The U.S stock market gapped down sharply at the opening bell today, and has been gradually paring its losses. The tone to the session is still quite negative with declining issues beating out advancers by better than 2-to1 on the NYSE and NASDAQ markets. The basic materials sector is leading the market lower today. In addition to weakness in base metals, some gold issues are also declining today. Newmont Mining (NEM) and Barrick Gold (ABX) are both off sharply. The energy sector is also lagging, driven lower by Weatherford (WFT). However, bucking the trend within the energy group are some coal stocks, such as Massey Energy (MEE) and Peabody (BTU). The technology sector is also a loser today, with Apple (AAPL) trading lower. The company posted strong earnings, bur traders have taken profits. Some investors apparently cited weaker-than-hoped for sales of iPads as a source of disappointment. Meanwhile, IBM (IBM – Free Analyst Report) also reported rising earnings for the quarter, but some analysts took issue with the performance of some segments.
In contrast, there are some issues showing some strength. The banks, such as Citi (C), Bank of America (BAC – Free Analyst Report), JP Morgan Chase (JPM – Free Analyst Report), and Wells Fargo (WFC) are all trading up today, bucking the downtrend. Bank of America posted a quarterly loss, but its operating profit was better than expected.
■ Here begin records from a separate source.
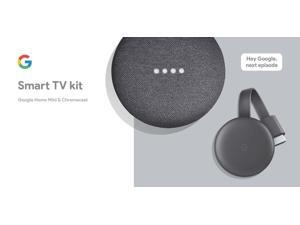 Google Smart TV Kit: Google Home Mini and Chromecast GA00545-US Google Smart TV Kit: Google Home Mini and Chromecast GA00545-US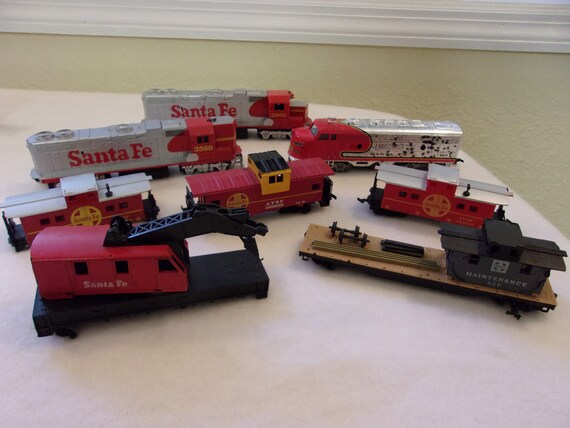 bachmann santa fe 307 train set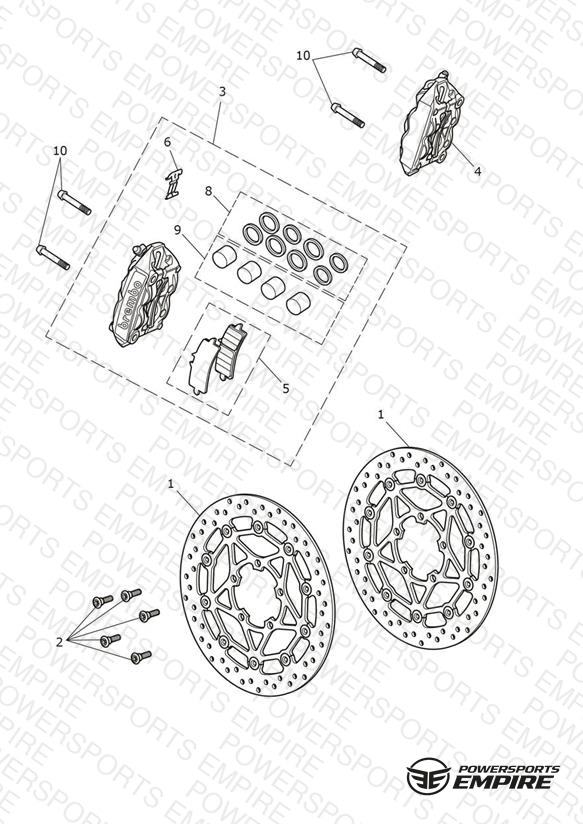 Front Brake Caliper & Disc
Yesterday, Citi posted better-than-expected quarterly profits, as well. The rise in bank issues today, comes after the sector had gotten battered on fears last week of a possible foreclosure debacle.
There has been some news on the macroeconomic front that may be pressuring the stock market today. In a surprise move, the People’s Bank of China has raised its interest rate slightly. The move has some traders concerned that the economy in that region will cool, as a result, leading to less demand for basic materials, such as metals and oil. No doubt this is partly behind the drop in these sectors today. Another factors weighing on the market is the appreciation of the U.S. dollar. The U.S. has been under growing pressure to stabilize the dollar by the World Bank and other emerging countries. World currency issues will no doubt be discussed at the upcoming G20 meetings slated to take place in South Korea. In addition to short covering, the rising dollar may have some traders concerned that the Fed’s quantitative easing policy may be less aggressive than was previously expected. The stock market had been rallying lately on hopes that a loose monetary policy would somehow provide the needed liquidity for a sustained business recovery.
The U.S stock market has had a dramatic run over the past few weeks, and no doubt some traders will be taking profits through the earnings season. Many of the Dow components have already reported their figures. So far it does not look too bad. If the economic news starts to catch up with corporate profits, the market may be able to maintain the current level, if not consolidate and move higher.